Colombia remains our primary focus and represents 100% of the 2019 capital program. In December 2018, we announced our 2019 capital budget. On February 20, 2019, we announced the acquisitions of an additional 36.2% WI and operatorship in the Suroriente Block, 50%WI and operatorship in the PUT-8 Block and 100% WI in the LLA-5 Block and, as a result, have revised our 2019 capital budget as follows:


 
Number of Wells
(Gross)
Number of Wells
(Net)
2019 Capital Budget
($ million)
Colombia
 
 
 
  Development
26-30

25-29

130-135
  Exploration
6-8

6-8

80-85
  Facilities


85-90
  Seismic and Studies


25-30

32-38

31-37

320-340

Based on the midpoint of the updated guidance, the capital budget is forecasted to be approximately 65% directed to development and 35% to exploration. Approximately 25% of the 2019 capital program is expected to be directed to facilities, with approximately 50% of this investment expected to be dedicated to the ongoing facilities expansion at the Acordionero Field.

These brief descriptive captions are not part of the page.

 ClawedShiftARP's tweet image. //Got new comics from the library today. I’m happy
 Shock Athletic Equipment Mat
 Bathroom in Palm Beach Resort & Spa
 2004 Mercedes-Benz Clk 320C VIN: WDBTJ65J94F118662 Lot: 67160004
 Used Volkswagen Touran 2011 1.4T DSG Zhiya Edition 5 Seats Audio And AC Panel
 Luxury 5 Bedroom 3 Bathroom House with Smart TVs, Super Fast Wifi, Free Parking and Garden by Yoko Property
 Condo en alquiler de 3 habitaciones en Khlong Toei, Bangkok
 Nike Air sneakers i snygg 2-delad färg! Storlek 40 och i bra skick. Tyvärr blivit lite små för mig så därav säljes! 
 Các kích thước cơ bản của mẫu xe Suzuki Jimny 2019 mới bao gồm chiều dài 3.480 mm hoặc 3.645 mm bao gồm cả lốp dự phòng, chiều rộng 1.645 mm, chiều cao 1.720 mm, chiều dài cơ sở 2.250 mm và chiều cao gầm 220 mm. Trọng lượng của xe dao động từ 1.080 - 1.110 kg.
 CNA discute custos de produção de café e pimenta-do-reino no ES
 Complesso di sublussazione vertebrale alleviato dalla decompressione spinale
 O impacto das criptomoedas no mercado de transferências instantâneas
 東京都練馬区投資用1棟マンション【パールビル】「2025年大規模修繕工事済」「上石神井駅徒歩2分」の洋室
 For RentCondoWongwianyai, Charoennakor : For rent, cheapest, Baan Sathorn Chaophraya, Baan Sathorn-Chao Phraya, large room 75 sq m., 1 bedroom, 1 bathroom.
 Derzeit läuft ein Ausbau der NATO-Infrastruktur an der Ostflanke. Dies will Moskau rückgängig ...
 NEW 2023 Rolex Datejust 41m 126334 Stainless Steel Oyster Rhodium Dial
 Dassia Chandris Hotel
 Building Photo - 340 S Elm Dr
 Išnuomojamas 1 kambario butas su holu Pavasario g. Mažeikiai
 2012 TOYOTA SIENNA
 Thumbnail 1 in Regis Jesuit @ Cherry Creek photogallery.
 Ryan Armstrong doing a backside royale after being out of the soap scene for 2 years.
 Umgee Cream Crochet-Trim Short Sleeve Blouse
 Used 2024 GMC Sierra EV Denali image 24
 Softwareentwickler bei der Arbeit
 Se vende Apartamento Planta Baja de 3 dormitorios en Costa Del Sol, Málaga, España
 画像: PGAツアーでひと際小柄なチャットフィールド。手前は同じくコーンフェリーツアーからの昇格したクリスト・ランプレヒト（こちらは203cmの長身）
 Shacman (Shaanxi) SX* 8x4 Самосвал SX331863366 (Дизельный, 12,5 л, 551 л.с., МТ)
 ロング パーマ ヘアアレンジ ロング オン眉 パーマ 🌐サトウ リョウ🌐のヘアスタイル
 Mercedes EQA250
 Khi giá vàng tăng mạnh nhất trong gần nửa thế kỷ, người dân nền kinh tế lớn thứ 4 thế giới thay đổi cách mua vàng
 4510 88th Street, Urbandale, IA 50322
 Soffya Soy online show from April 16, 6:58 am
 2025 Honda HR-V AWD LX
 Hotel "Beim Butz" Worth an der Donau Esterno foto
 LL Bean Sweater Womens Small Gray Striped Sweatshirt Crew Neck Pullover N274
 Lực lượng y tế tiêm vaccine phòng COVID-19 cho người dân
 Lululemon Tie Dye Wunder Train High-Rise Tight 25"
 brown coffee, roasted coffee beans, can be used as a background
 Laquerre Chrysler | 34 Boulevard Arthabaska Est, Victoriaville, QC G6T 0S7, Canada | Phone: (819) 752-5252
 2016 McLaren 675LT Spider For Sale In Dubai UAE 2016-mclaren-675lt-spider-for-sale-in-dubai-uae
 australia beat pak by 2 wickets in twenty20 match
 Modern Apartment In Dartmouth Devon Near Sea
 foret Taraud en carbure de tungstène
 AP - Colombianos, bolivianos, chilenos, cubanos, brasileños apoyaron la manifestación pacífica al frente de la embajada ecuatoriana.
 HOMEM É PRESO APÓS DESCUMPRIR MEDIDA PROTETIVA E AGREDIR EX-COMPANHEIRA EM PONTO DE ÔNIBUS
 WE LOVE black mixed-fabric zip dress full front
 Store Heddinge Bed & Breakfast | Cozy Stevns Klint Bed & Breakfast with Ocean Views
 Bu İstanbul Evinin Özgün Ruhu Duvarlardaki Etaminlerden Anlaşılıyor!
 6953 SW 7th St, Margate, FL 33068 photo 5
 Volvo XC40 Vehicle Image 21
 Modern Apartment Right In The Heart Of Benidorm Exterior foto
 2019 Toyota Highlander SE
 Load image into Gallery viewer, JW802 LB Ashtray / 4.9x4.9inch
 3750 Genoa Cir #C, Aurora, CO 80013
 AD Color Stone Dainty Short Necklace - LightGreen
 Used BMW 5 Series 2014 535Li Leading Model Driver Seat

We expect our 2019 capital program to be fully funded by cash flows from operations.


Business Strategy

Our strategy is to profitably grow our portfolio of exploration, development and production opportunities in Colombia. We are taking steps to grow cash flows from existing assets by developing reserves and growing reserves through enhanced oil recovery (“EOR”) techniques. We have consolidated sufficient exploration opportunities to commence a three to five year continuous exploration program which we expect will be fully funded through the reinvestment of cash flows from operations and leverage of our financial strength.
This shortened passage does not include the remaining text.